Das Apostolische Schreiben Pastores gregis und das Direktorium für den pastoralen Dienst der Bischöfe weisen nachdrücklich jeden Hirten darauf hin, daß seine objektive Autorität von einem vorbildlichen Lebenswandel getragen werden muß. Ausgeglichenheit in den zwischenmenschlichen Beziehungen, Höflichkeit der Umgangsformen und eine einfache Lebensweise sind ohne Zweifel Gaben, die die Persönlichkeit des Bischofs auf menschlicher Ebene bereichern. Im Liber regulae pastoralis schreibt der hl. Gregor der Große, daß »die Leitung der Seelen die Kunst der Künste« ist (Nr. 1): eine Kunst, die ständiges Wachstum in den Tugenden erfordert, von denen ich die Tugend der Klugheit ins Gedächtnis rufen möchte, die der hl. Bernhard als Mutter der Tapferkeit beschrieb. Die Klugheit wird euch geduldig machen mit euch selbst und mit den anderen, mutig und standhaft in den Entscheidungen, barmherzig und gerecht, »mit Furcht und Zittern« (Phil 2,12) allein um euer Heil und das eurer Brüder bemüht. Die vollkommene Selbsthingabe, die die Sorge um die Herde des Herrn erfordert, bedarf der Unterstützung durch ein intensives geistliches Leben, das vom eifrigen persönlichen und gemeinschaftlichen Gebet genährt wird.

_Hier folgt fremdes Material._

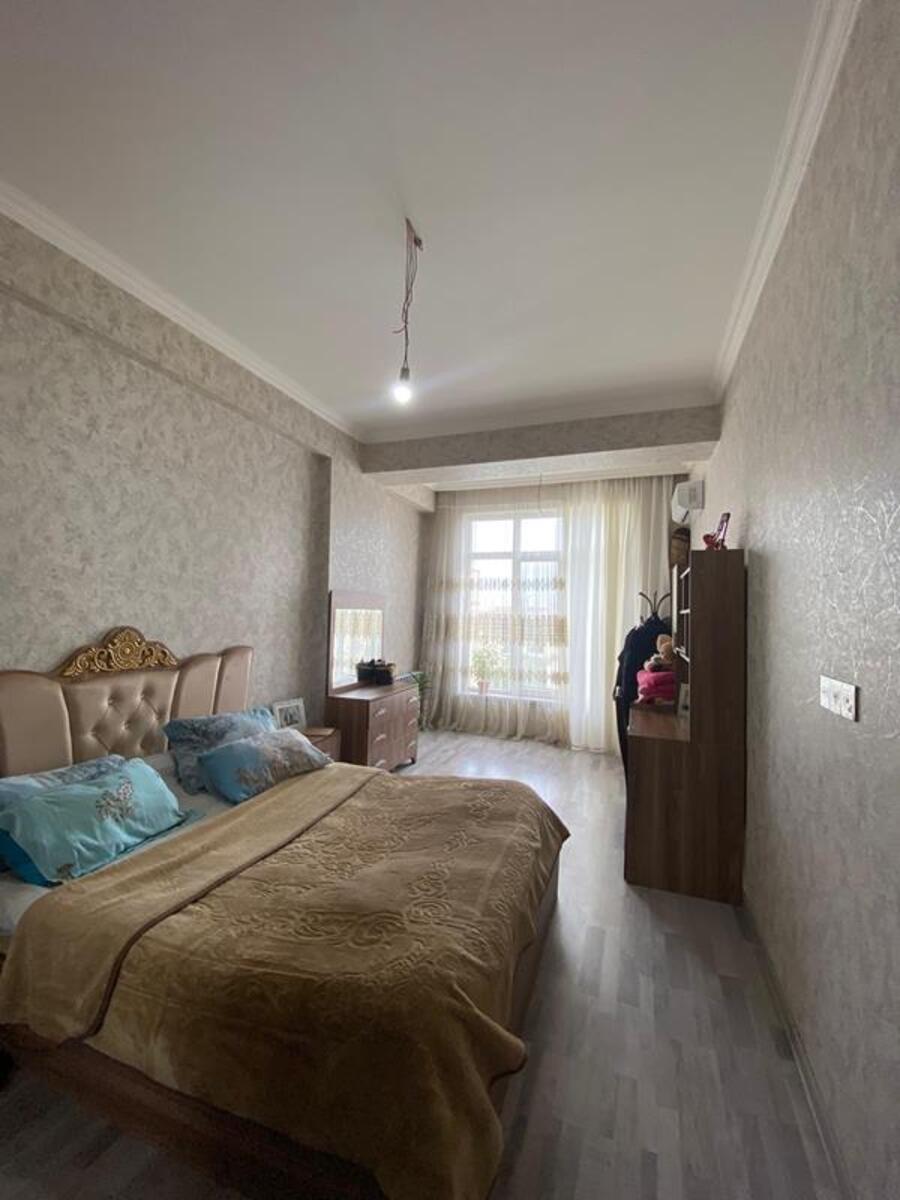 3-otaqlı yeni tikili, Abbas Mirzə Şərfzadə küç., 93 m² — Mənzil, Bakı (7)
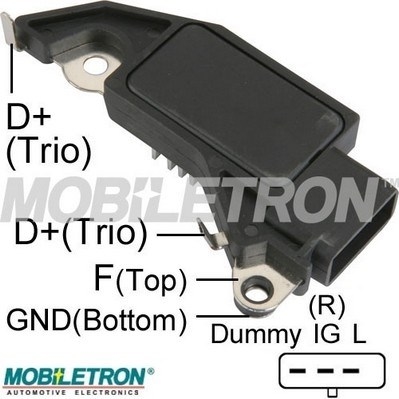 Regulator, alternator VR-D276 MOBILETRON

Daher soll ein ständiger Kontakt mit Gott eure Tage kennzeichnen und all eure Tätigkeiten begleiten. Ein Leben in tiefer Einheit mit Christus wird euch helfen, das nötige Gleichgewicht zwischen der inneren Sammlung und jenen notwendigen Anstrengungen zu erreichen, die die vielfältigen Aufgaben des Lebens mit sich bringen. So kann es vermieden werden, in einen übertriebenen Aktivismus zu verfallen. Am Tag eurer Bischofsweihe habt ihr versprochen, für euer Volk unermüdlich zu beten. Liebe Brüder, bleibt dieser Verpflichtung immer treu. Sie wird euch dazu befähigen, auf untadelige Weise euren pastoralen Dienst auszuüben. Durch das Gebet öffnet sich euer Herz dem Plan Gottes, der ein Plan der Liebe ist. Dazu hat Er euch berufen, indem er euch durch die Gnade des Bischofsamtes inniger mit Christus vereint. In Seiner Nachfolge, in der Nachfolge des Hirten und Bischofs eurer Seelen (vgl. 1 Petr 2,25), werdet ihr dazu angespornt, unermüdlich nach der Heiligkeit zu streben, die das grundlegende Ziel des Lebens eines jeden Christen ist.

Liebe Brüder, ich danke euch für diesen Besuch, über den ich mich sehr freue. Ich möchte euch meines täglichen Gedenkens vor dem Herrn für euren kirchlichen Dienst versichern, den ich der Gottesmutter Maria, »Mater Ecclesiae«, anvertraue. Ihren Schutz rufe ich auf euch, auf eure Diözesen und auf euren Dienst herab. Mit diesen Empfindungen erteile ich euch und all denen, die euch nahestehen, einen besonderen Apostolischen Segen.